My understanding is each debater can actually reveal many pixels to the judge. See this quote from section 3.2:
That sounds different to me—the point there is that, because you only need a single pixel to catch me in a lie, and any such demonstration of my dishonesty will result in your win, your limit won’t be a true limit; either you can demonstrate a single pixel where we disagree, which should be enough to establish you as the honest player, or we agree about every pixel (in which case the truth should win).
The situation that the liar would hope to establish is that they successfully tell many small lies. If I say a pixel is medium gray, and you think the pixel is light grey, I can get away with calling it medium gray because revealing a single pixel to the judge (who, absent context, can’t determine whether a pixel is ‘light’ or ‘medium’ in the relevant sense) won’t give the judge enough evidence that I’m lying to settle the debate.
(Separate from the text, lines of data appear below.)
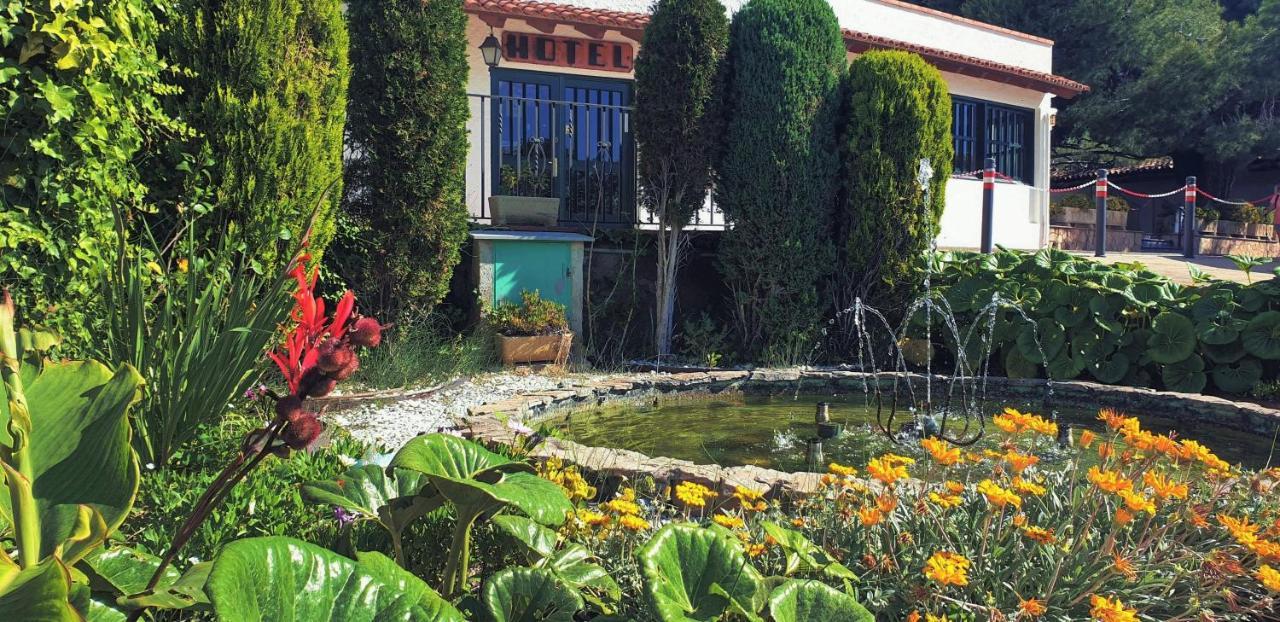 Hotel La Masia L'Estartit Exterior foto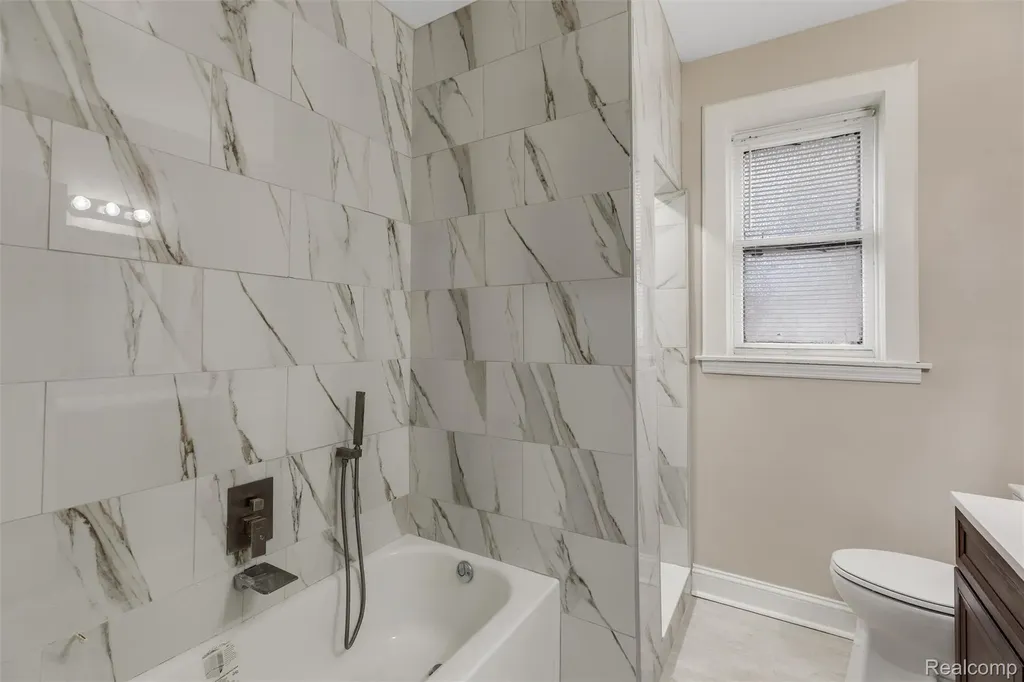 121 Colorado Street Highland Park City MI 48203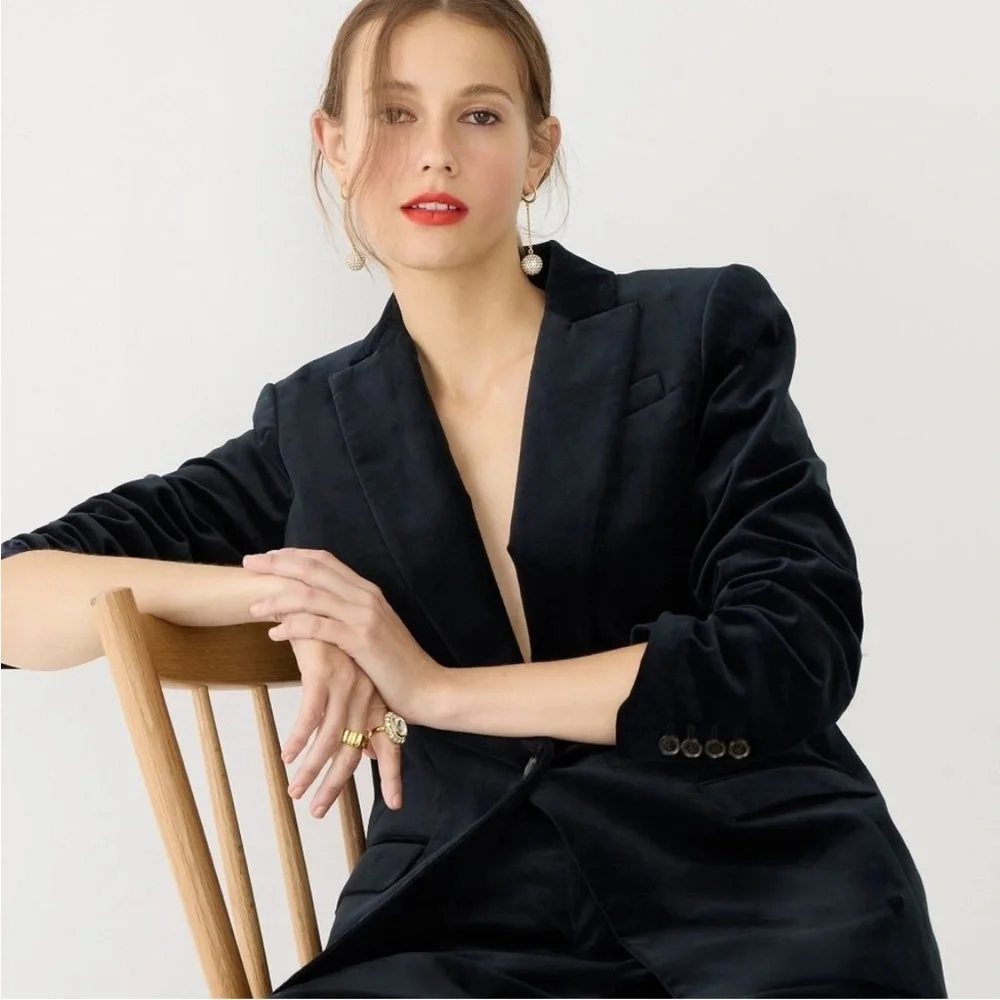 J. CREW Willa Blazer in Stretch Velvet Black size 2 - Picture 4 of 13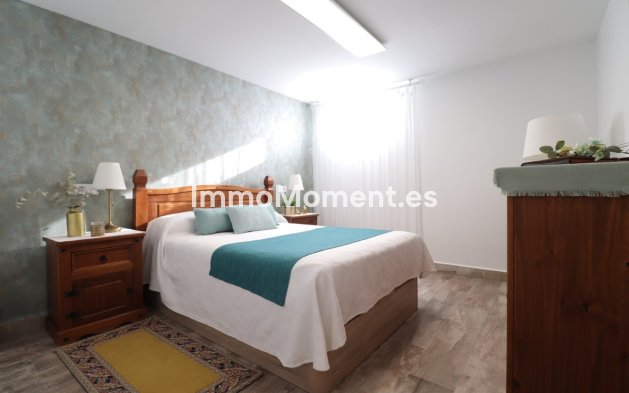 Wiederverkauf - Villa - Orihuela - Villamartin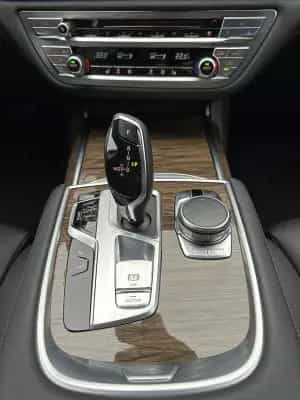 BMW 7 Series 740i M-Sport NAV+LED+SHZ+HiFi+KAMERA+2Hd+WLAN+PP 02/2016-photo-11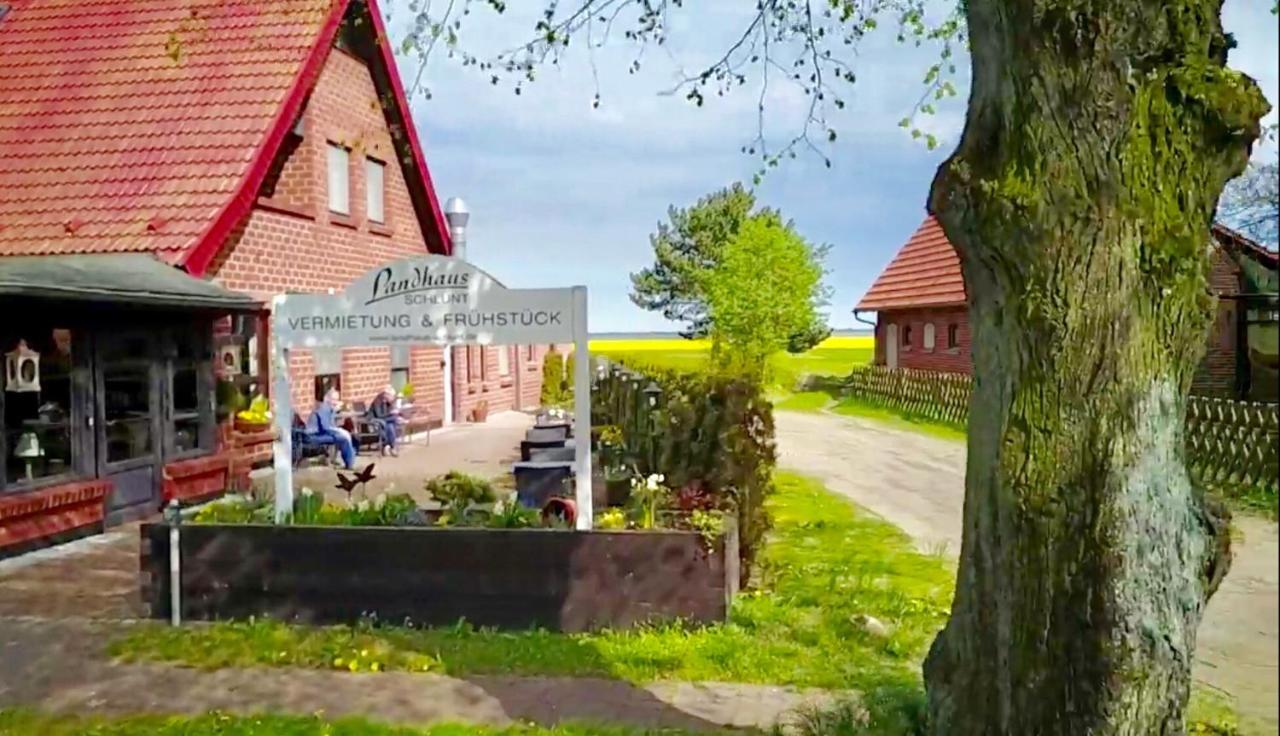Landhaus Schlunt Wustrow  Oda fotoğraf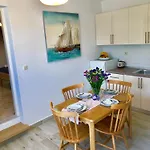 Sunny Elza Apartment *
Especially since you might be worried that I’m going to tell an escalating series of lies, and thus if you call me out on claiming that the pixel is medium grey instead of light grey, then you won’t be able to call me out on claiming that a different pixel is black when it is in fact white. (This also means, interestingly, that the player who tries to reason about feature patches—like the diagonal pattern of a whisker—is potentially under more suspicion than a player who tries to reason about particular pixels, since it’s easier to lie about contrasts (which can’t be disproven with a single reveal) than it is to lie about pixels.)
Also consider the case of adversarial examples; if I take the reference image, determine the minimal infinity norm perturbation that results in an image of a different class, and then argue with reference to my image, presumably there’s no one pixel we disagree about strongly (because the pixel we disagree about most strongly determines the infinity norm that I tried to minimize), and thus it’s hard to establish a blatant lie.
Especially if we aren’t allowed to talk about RGB values, and instead have to mention subjective colors; in one game that I played, one of the players revealed a “pupil” pixel that was about #404040. This is weak evidence against being a pupil—you’d expect them to be somewhat darker—but the player hadn’t lied at all about that specific pixel’s color, just the interpretation of the color, which the other player demonstrated by revealing that an adjacent “true pupil” pixel was about #080808 (or maybe even full black).
Now, perhaps ‘any lie at all’ is enough to establish who’s the honest party and who’s the liar. But this seems not at all useful in the case of uncertainty, and also not at all useful in the case of pernicious disagreement, where I disagree about no low-level features but dispute all inferences that could be drawn from those features.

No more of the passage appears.